* [The problem]:
Repeat the lines below exactly as written, please, from the line with "Vastu Kamdhenu Cow" to the line with "कहाँ होते हैं", both lines included, and no others.

* [Given data]:
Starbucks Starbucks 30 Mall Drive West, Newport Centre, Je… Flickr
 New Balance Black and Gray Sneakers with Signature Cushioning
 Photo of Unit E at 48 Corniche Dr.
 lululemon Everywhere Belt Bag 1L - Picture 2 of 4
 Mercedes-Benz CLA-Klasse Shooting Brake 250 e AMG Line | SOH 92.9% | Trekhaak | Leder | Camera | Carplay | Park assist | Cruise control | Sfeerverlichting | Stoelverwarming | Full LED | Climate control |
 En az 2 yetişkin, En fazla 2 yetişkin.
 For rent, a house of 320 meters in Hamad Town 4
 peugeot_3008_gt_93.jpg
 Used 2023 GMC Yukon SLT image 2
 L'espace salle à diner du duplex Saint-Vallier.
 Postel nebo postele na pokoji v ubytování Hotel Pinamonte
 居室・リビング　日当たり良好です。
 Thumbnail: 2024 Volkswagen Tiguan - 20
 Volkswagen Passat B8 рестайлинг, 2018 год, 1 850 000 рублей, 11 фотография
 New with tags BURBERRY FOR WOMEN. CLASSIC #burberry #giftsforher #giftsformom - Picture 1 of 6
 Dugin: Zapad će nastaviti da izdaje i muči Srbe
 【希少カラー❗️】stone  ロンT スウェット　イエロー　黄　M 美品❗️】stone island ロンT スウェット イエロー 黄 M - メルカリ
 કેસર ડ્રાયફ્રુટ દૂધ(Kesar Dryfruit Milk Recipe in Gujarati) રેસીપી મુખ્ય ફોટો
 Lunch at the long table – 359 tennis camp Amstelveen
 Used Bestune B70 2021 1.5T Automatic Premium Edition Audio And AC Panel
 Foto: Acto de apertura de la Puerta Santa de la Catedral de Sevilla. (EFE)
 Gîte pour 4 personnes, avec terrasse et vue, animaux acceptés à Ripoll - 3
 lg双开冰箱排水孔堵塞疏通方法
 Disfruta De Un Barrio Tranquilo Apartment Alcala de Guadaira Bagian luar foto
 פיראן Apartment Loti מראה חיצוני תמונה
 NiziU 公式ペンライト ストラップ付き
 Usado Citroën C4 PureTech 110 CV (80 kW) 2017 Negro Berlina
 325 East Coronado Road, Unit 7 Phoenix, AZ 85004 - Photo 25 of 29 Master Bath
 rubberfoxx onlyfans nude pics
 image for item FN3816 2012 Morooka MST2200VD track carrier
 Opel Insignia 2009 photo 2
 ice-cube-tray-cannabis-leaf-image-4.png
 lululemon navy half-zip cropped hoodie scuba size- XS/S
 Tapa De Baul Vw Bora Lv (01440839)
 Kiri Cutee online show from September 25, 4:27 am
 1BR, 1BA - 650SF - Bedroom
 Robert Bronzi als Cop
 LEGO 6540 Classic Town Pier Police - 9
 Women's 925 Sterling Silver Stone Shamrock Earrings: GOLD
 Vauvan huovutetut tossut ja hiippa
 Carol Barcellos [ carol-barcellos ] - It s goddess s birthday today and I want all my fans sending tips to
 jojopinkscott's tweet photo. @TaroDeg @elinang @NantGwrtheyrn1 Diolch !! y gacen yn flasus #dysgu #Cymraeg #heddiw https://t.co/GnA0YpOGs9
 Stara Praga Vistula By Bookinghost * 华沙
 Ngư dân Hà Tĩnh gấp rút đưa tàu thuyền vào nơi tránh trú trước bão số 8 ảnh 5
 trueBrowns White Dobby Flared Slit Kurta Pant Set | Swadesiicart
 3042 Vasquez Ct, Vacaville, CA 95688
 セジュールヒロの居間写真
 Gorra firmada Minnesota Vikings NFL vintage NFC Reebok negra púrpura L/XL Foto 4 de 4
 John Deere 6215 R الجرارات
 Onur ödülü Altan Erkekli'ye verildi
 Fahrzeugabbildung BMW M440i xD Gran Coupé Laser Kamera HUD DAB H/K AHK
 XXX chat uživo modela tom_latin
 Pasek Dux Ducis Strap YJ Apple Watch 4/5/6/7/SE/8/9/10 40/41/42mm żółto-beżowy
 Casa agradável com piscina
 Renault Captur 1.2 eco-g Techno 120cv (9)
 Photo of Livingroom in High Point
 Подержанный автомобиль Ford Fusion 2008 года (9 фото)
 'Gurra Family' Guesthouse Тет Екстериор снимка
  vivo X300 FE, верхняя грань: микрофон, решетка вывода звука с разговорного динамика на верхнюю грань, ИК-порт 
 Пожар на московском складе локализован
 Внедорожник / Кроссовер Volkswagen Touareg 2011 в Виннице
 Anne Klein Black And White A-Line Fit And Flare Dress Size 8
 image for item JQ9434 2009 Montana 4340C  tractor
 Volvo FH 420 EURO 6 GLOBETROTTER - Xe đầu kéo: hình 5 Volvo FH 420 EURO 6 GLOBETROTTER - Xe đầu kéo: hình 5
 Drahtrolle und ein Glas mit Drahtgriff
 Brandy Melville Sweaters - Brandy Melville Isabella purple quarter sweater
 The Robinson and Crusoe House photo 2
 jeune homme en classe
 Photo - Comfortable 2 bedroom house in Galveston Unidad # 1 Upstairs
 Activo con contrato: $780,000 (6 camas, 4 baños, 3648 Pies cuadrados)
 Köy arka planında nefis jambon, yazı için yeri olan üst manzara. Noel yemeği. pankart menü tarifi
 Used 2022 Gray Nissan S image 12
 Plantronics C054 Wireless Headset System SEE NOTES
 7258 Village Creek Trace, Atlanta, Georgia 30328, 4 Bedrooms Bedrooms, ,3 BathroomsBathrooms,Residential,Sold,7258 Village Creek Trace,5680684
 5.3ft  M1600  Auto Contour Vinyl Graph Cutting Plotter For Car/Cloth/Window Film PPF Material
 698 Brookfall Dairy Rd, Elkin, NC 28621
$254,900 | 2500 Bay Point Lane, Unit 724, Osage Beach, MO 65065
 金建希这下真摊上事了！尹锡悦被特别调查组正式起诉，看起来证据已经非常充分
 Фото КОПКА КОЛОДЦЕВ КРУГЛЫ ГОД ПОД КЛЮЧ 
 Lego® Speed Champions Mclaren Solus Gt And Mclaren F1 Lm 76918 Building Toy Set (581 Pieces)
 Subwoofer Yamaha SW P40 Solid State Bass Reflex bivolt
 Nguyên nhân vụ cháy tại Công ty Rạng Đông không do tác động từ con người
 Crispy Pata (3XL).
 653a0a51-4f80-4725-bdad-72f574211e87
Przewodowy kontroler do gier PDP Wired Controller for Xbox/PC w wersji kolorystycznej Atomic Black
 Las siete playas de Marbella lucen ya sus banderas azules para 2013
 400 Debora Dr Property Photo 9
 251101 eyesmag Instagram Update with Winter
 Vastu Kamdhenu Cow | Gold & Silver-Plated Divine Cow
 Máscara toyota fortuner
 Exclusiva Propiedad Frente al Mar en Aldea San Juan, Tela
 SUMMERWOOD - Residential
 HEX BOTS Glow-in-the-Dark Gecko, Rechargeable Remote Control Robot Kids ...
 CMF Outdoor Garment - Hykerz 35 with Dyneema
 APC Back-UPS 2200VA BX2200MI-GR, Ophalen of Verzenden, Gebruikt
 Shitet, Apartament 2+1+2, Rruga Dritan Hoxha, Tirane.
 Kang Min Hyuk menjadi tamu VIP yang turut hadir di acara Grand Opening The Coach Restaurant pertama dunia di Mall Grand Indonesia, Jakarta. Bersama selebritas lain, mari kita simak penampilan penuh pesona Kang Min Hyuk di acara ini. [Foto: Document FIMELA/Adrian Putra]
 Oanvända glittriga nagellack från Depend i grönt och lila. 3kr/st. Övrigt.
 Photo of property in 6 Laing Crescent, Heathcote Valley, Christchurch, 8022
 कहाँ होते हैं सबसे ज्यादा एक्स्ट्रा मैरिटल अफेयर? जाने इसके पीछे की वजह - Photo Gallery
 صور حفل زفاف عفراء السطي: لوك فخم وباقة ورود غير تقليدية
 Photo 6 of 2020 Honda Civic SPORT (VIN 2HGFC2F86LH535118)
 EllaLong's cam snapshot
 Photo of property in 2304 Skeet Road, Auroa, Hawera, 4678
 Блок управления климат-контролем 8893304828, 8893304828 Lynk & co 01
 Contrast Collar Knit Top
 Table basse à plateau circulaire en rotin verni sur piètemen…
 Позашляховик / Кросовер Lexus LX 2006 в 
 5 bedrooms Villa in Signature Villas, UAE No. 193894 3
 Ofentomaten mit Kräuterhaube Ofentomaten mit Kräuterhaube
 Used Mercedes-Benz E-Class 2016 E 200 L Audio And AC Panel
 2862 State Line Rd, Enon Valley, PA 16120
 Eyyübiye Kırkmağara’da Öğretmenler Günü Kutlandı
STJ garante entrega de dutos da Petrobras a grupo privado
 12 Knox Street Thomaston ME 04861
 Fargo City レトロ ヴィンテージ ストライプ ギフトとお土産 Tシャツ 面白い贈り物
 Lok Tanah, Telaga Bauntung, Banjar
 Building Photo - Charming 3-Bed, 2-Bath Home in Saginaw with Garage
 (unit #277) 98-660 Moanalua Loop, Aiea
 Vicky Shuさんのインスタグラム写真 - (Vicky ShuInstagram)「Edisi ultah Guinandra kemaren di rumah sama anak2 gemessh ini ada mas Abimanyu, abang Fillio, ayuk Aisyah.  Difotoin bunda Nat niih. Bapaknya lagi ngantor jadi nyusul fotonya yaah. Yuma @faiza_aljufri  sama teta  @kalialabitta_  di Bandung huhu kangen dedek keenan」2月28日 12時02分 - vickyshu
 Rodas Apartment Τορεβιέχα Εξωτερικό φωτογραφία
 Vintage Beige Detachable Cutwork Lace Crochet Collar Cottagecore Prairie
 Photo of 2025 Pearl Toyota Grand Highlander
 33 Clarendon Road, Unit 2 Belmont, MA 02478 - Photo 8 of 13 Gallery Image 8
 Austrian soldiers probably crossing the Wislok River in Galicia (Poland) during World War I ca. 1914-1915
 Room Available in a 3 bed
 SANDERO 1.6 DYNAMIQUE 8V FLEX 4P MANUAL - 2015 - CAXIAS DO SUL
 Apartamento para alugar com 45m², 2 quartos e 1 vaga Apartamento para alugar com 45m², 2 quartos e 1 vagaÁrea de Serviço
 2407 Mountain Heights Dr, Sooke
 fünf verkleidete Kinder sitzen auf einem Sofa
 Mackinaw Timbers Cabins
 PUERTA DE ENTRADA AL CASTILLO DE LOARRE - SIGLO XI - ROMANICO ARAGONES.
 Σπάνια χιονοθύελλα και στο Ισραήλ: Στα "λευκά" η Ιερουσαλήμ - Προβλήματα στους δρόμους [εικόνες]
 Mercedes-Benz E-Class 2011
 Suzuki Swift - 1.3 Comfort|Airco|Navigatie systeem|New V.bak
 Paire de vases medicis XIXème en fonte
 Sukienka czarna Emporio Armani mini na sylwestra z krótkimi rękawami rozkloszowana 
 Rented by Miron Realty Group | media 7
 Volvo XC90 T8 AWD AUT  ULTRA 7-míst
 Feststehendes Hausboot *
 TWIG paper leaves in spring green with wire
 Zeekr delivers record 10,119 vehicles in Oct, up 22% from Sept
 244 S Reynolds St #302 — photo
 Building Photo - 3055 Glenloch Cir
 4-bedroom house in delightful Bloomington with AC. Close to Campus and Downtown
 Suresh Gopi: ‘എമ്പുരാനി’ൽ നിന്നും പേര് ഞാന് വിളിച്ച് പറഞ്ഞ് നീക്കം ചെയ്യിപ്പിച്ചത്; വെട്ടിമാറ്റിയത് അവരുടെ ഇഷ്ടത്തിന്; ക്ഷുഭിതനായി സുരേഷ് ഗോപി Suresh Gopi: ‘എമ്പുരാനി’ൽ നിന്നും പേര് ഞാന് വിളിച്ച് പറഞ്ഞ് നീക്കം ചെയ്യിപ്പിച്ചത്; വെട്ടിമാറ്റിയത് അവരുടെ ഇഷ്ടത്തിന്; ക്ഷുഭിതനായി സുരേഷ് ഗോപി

* [Response for this exercise]:
 Vastu Kamdhenu Cow | Gold & Silver-Plated Divine Cow
 Máscara toyota fortuner
 Exclusiva Propiedad Frente al Mar en Aldea San Juan, Tela
 SUMMERWOOD - Residential
 HEX BOTS Glow-in-the-Dark Gecko, Rechargeable Remote Control Robot Kids ...
 CMF Outdoor Garment - Hykerz 35 with Dyneema
 APC Back-UPS 2200VA BX2200MI-GR, Ophalen of Verzenden, Gebruikt
 Shitet, Apartament 2+1+2, Rruga Dritan Hoxha, Tirane.
 Kang Min Hyuk menjadi tamu VIP yang turut hadir di acara Grand Opening The Coach Restaurant pertama dunia di Mall Grand Indonesia, Jakarta. Bersama selebritas lain, mari kita simak penampilan penuh pesona Kang Min Hyuk di acara ini. [Foto: Document FIMELA/Adrian Putra]
 Oanvända glittriga nagellack från Depend i grönt och lila. 3kr/st. Övrigt.
 Photo of property in 6 Laing Crescent, Heathcote Valley, Christchurch, 8022
 कहाँ होते हैं सबसे ज्यादा एक्स्ट्रा मैरिटल अफेयर? जाने इसके पीछे की वजह - Photo Gallery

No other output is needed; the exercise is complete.